As of the second day, clinic DAI was seemed indistinguishable among these 40 rats in Groups B, C, D and E. As the treatment continued, however, DAI in treated Groups D and E decreased on the fourth day, while in untreated Group B and the group treated with ibuprofen suspension (C), DAI decreased slowly after sixth day. Animal treated with ibuprofen suspension turned out to have worst DAI as compared to untreated group. This is indicative of the efficacy of treatment with ibuprofen pellet or mesalamine. Judging from these results, it was suggested that reduction of TNBS-induced inflammatory symptoms by either ibuprofen or mesalamine was achieved through similar mechanism. Ibuprofen as well as mesalamine may work by blocking the activity of cyclooxygenase and lipoxygenase, the two enzymes which are over-expressed during ulcerative colitis with the consequent increased of prostaglandins production [24] [25] . During the course of treatment, the severity of DAI in all groups remained in the order of B >= C > E > D > A, suggested the superiority of the efficacy of treatment with colonic release ibuprofen or mesalamine. Surprisingly, treatment with ibuprofen released in the colonic compartment showed the most effective treatment even as compared to oral suspension of mesalamine, a standard drug for ulcerative colitis. In addition to DAI, the macroscopic as well as histological observation confirmed the benefit effect of ibuprofen released in the colonic compartment. This finding might be explained due to the direct contact of ibuprofen on the inflamed tissue. Thus, colonic targeted delivery of ibuprofen showed better local effect as compared to conventional (suspension) oral route of mesalamine.

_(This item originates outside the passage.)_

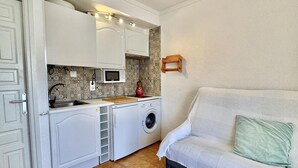 A compact kitchen with a washing machine, a microwave, and a sink. - Cozy Apartment with Pool and Terrace in Puig Rom, 2km from Roses Beach - Sleeps 4 (Roses)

Macroscopic as well as microscopic evaluations on upper part of GI tract in particular in the gastric segment confirmed the effectiveness of colonic targeting of ibuprofen (Figure 2, Figure 3 and Figure 5). Symptoms of GI tract ulceration were not observed in group treated with this preparation. This result clearly explains the benefit of avoiding direct contact of ibuprofen with the upper part of GI tract. Meanwhile, the disappearance of GI tract ulceration in group treated with oral suspension of mesalamine confirmed other reports that as an amino-salicylate derivative, mesalamine rarely causes gastric ulcer [29] [30] .

5. Conclusion

Taken together, results of present study suggest that ibuprofen targeted to be released in the colonic compartment shows dual potential benefits, which are preventing the development of GI tract ulcer and at the same time relieving the consequences of inflammatory reaction. The use of a combination of shellac and inulin to coat ibuprofen pellet is very effective in controlling the release of ibuprofen after oral administration. Due to the high site-specificity of this polysaccharide and their sensitivity to degradation by colonic enzymes, more effective anti-inflammatory action of ibuprofen was achieved, even better when compared to conventional oral delivery of mesalamin as a standard drug for ulcerative colitis. In summary, oral colon-specific delivery system of ibuprofen is a valuable method for the treatment of colon-related diseases such as ulcerative colitis.

Conflict of Interest

We wish to confirm that there are no known conflicts of interest associated with this publication and there has been no significant financial support for this work that could have influenced its outcome.


This study was financially supported by ITB research grant Indonesia, contract number: 848/I1.C03/PM/2012.